L’opération a été organisée par BNP Paribas, Citi et JP Morgan.
Malgré l’incertitude géopolitique persistante, l’émission a fait l’objet d’une forte demande, le montant total des ordres approchant les 7 milliards de dollars, soit 4,6 fois la sursouscription, ce qui a incité le groupe à augmenter la taille de l’opération.
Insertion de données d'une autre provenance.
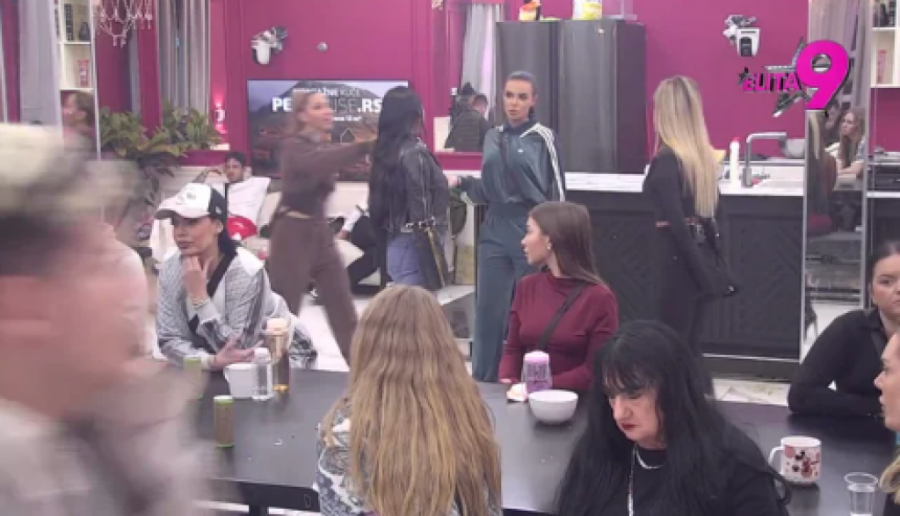 OBEZBEĐENJE ULETELO U BELU KUĆU I HITNO ZAUSTAVILO PROGRAM! Maja i Anita totalno podivljale, jedva sprečena totalna katastrofa!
Au total, 176 investisseurs de 23 pays ont participé à la transaction.
Cette décision financière intervient à un moment où les marchés mondiaux des engrais sont soumis à une pression croissante en raison des contraintes d’approvisionnement, des tensions liées au conflit iranien et des restrictions imposées aux exportations chinoises.
Le document, confirmé par une source haut placée de l’entreprise, indique que les perturbations de l’approvisionnement en soufre, un ingrédient clé de l’industrie des engrais, à la suite de la fermeture du détroit d’Ormuz, ont fait grimper les prix du soufre au Moyen-Orient d’environ 35 % en avril par rapport aux niveaux d’avant la crise.
Face à ces développements, OCP s’est assuré des stocks de soufre suffisants pour couvrir ses besoins opérationnels au moins jusqu’à la fin du mois de juin, tout en diversifiant ses sources d’approvisionnement pour inclure le Kazakhstan, le Canada, l’Europe, le Golfe du Mexique et la Mer Rouge.
Le groupe est un acteur majeur sur le marché mondial des engrais phosphatés et a augmenté sa capacité de production à 16 millions de tonnes en 2025, contre seulement 3 millions de tonnes en 2008.
Pour minimiser l’impact de la hausse des coûts des matières premières, l’entreprise a augmenté sa production de superphosphate triple, un produit qui nécessite moins de soufre et pas d’ammoniaque que le diphosphate d’ammonium.
Selon les données de l’entreprise, le superphosphate triple représentait environ 30 % de la production totale en 2025, le groupe visant à augmenter ce pourcentage à plus de 50 % en 2026.